● **WORK TO BE COMPLETED**
Write down the listing again exactly as it appears below, without its pictures.

[[ SUPPLIED MATERIAL open ]]

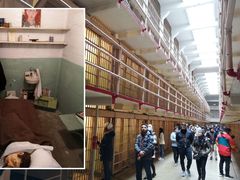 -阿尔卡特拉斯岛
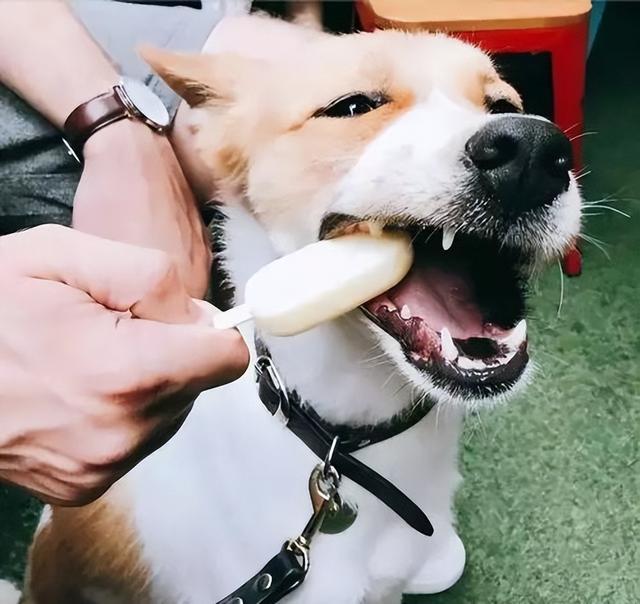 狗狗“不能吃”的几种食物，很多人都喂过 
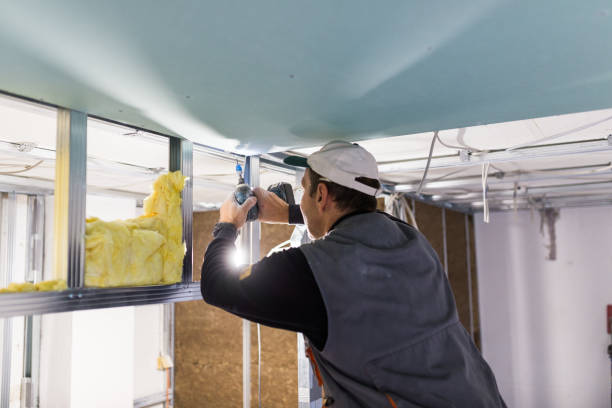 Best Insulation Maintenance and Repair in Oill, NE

[[ SUPPLIED MATERIAL closed ]]

● **RESPONSE TO THE TASK**
 -阿尔卡特拉斯岛
 狗狗“不能吃”的几种食物，很多人都喂过 
 Best Insulation Maintenance and Repair in Oill, NE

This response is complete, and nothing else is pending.